The physical plant of the site was originally divided into the main site, a cantonment area. The main site housed the radar towers and the backup generators. The cantonment area housed the operations area, the enlisted quarters (BAQ), the bachelor officer's quarters (BOQ), the orderly room, the dining hall and other support areas in a single large two-story composite building. A separate recreation hall was connected to the composite building. No family housing was provided as this was considered a remote unaccompanied tour (1 year).
Air-Ground (A-G) Communications
Separate radio facilities housed the radio equipment for communicating with aircraft.
Kotzebue White Alice Communications Site
After HF systems proved inadequate for command and control communications, the Air Force implemented the White Alice Communications System (WACS). This was a system of tropospheric scatter and microwave radio relay sites constructed during the mid-1950s to provide reliable communications to Alaska Air Command (AAC) AC&W system.
The Kotzebue White Alice tropo site was activated on 25 May 1957. It linked to Granite Mountain WACS (105 miles) with a pair of 30’ tropo dish antennas and to Lisburne WACS (168 miles) with a pair of 60’ tropo billboard antennas. The equipment and power building was 5,280 square-foot facility. POL storage was three tanks totaling 7950 barrels.

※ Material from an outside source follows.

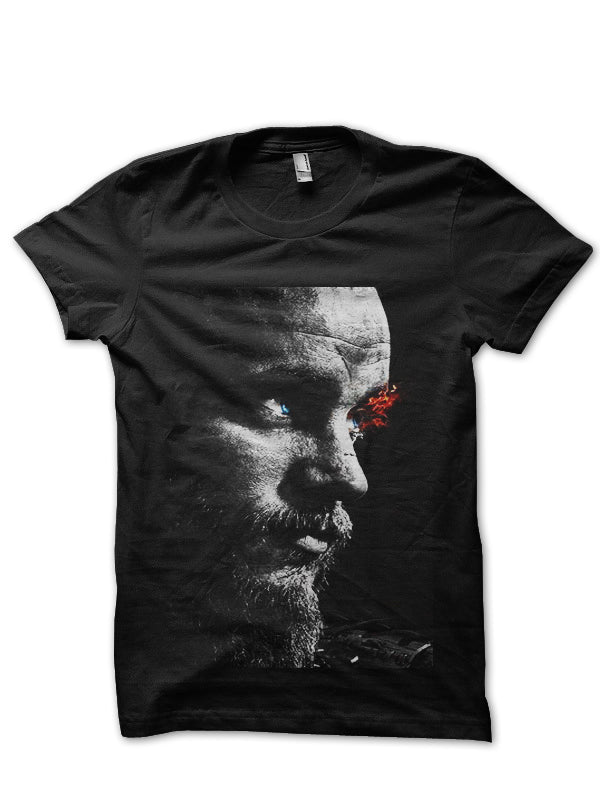 Vikings Style004 T-Shirts, Hoodie, Sweatshirt - T-Shirt, Sweatshirt, Hoodie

The specific links from Kotzebue (OTZ) as/of July 1977 were:
Kotzebue WACS (OTZ1)
Kotzebue E.S. (OTZ8)
The Kotzebu WACS was inactivated circa 1979 and replaced by an Alascom-owned satellite earth terminal.
Active long-range radar site but most of the old AC&W site buildings have been demolished. The site has also had an environmental remediation project that has further erased signs of the old AC&W site and the White Alice tropo site. What remains is the FPS-117 Building and the ...... operations LRRS building.